Das aktuelle Motto Ihrer Berliner Volksbühne heißt: „No Service – Wider die Konsenskultur“. Was haben Sie gegen den Konsens?
Kunst kann nichts mit Konsens zu tun haben. Nur der Widerspruch ist interessant. All die Toten bei Shakespeare, dieses prinzipielle Morden bei ihm: dahinter steht, wie bei den alten Griechen, die Sehnsucht nach einer anderen Gesellschaft. Wir haben in unserer Demokratie vielleicht mit der Freiheit, vielleicht sogar auch mit der Gleichheit Ernst gemacht, aber brüderlich zueinander sind wir sicher nicht. Uns fehlt das altchristliche Moment der Nächstenliebe. Und auf diesen Mangel müssen wir schon mit Schweiß, Blut und Tränen hinweisen – und nicht mit der Suche nach Konsens.
Apropos: Ihr „Ring“ in Bayreuth ist heftig angefeindet worden.
Oper ist für einen Freibeuter wie mich ein begehrtes Kaperschiff – und Bayreuth im Speziellen ist die schönste Beute, die man sich wünschen kann. Da sitzen Kenner mit Partituren auf den Knien und verbringen mit Kunst ihre Lebenszeit. Wenn diese Menschen „Buh“ rufen, haben sie ein Recht dazu, denn es sind gute, gleichwertige Gegner und Feinde. Anders in Berlin: da sagen die Leute „ey, cool“, aber haben keine Ahnung von irgendwas. Der Zustand der Bildungsnation Deutschland ist schon höchst fragwürdig. Schauen Sie sich eine x-beliebige Talkshow im Fernsehen an: ein trauriger Zustand der völligen Verblödung in unendlicher Wiederholung.

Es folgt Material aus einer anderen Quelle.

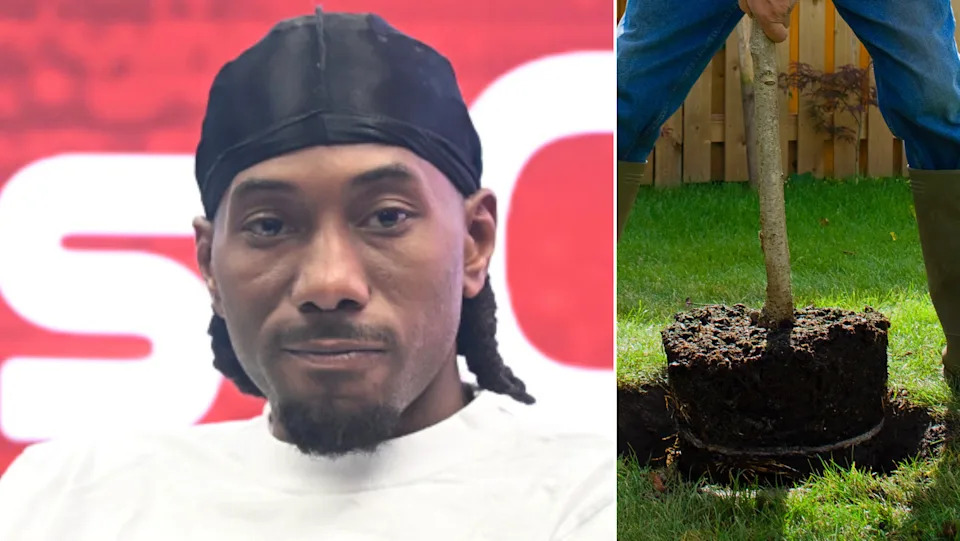 NBA Star Kawhi Leonard of the Los Angeles Clippers attends a press conference during his 2025 Asia Tour on August 23, 2025, in Jianyang, Chengdu City on the left; on the right, someone planting a tree in a garden.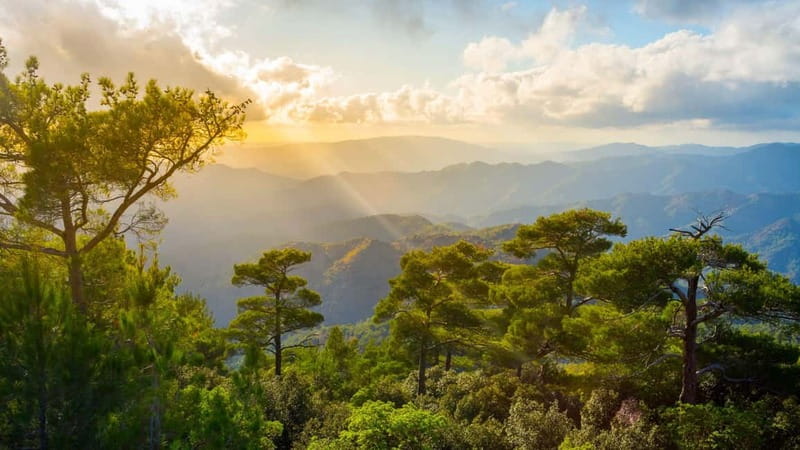 PAPHOS: Troodos Mountains "Monasteries & Villages" by coach - Paphos Forest and your first monastery stop: Chrysorrogiatissa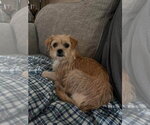 Small #2 Cairn Terrier Mix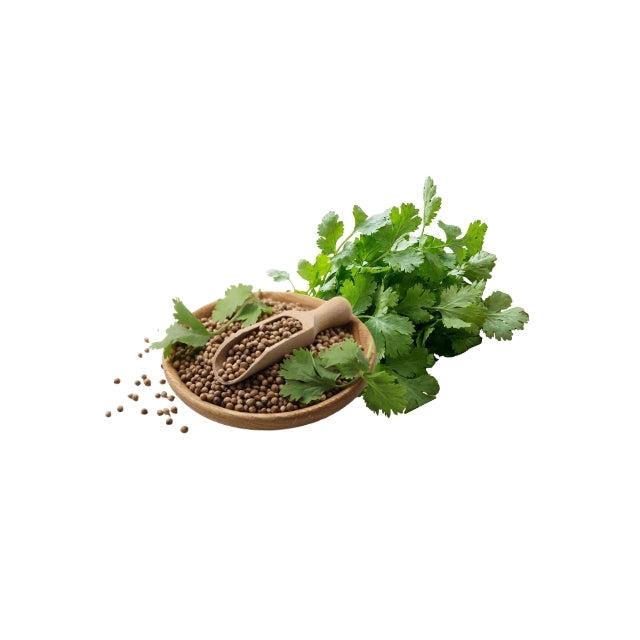 Coriander Products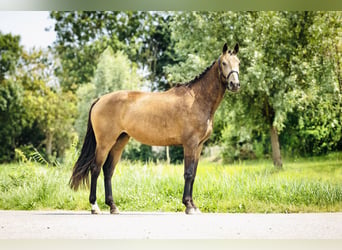 NRPS, Mare, 3 years, 16 hh, Buckskin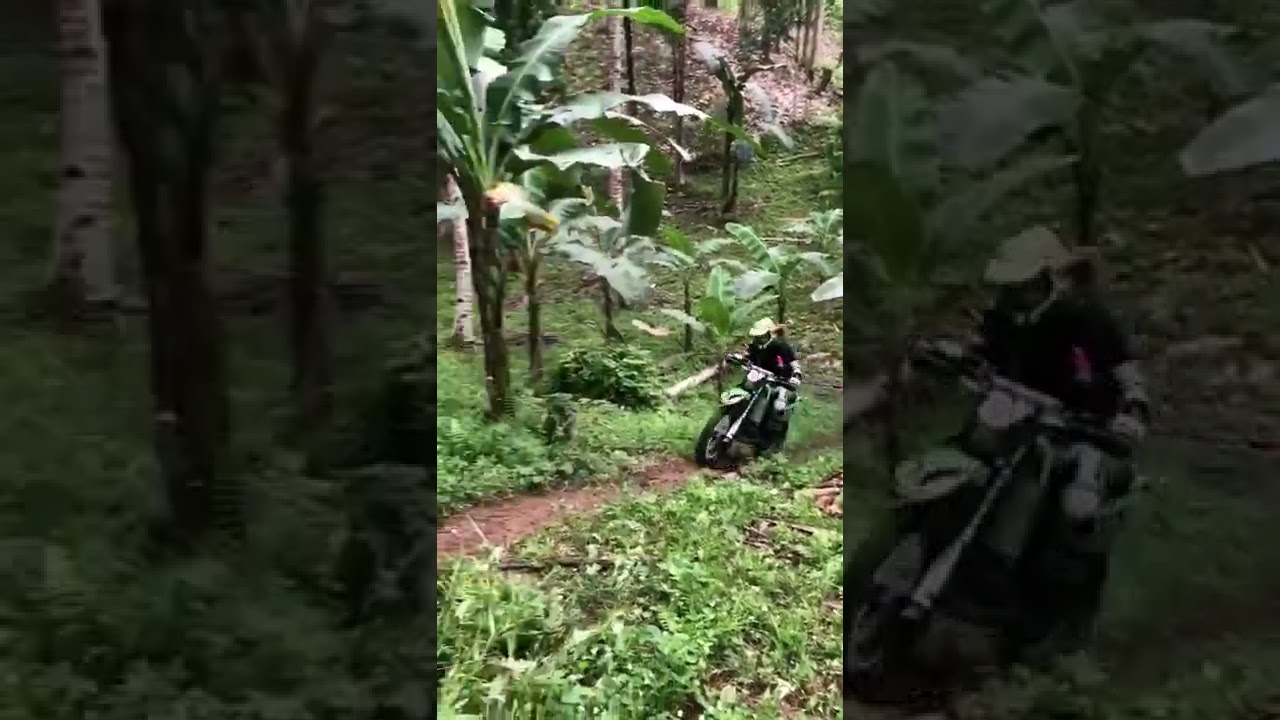 Nueva Fuerza trail ground. #2stroke #kmx #enduro #trail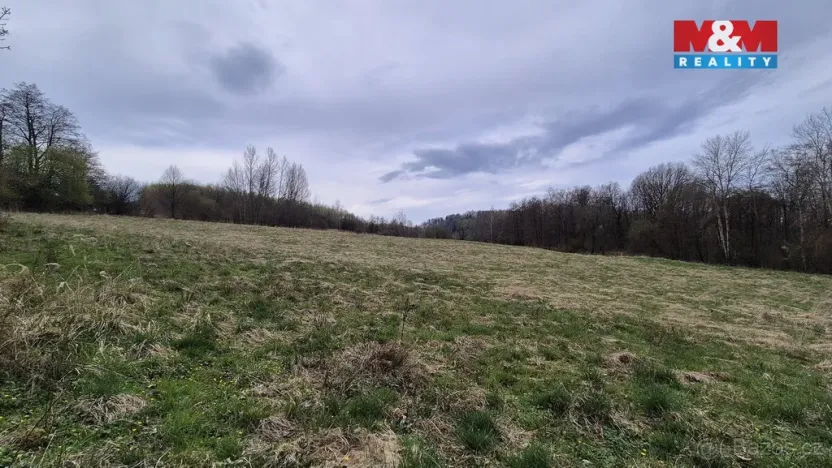 Prodej louky, Česká Kamenice - Dolní Kamenice, 22628 m2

Wenn in so einer Show Frau Merkel sitzen würde: wen würden Sie in ihr sehen?
Eine Frau, die eine christliche Nächstenliebe hat und versucht, diese Liebe in Politik umzusetzen. Eine Frau, die man immer unterschätzt hat, ich besonders – und nicht zuletzt eine Frau, die vielleicht das Beste ist, das Deutschland derzeit passieren konnte.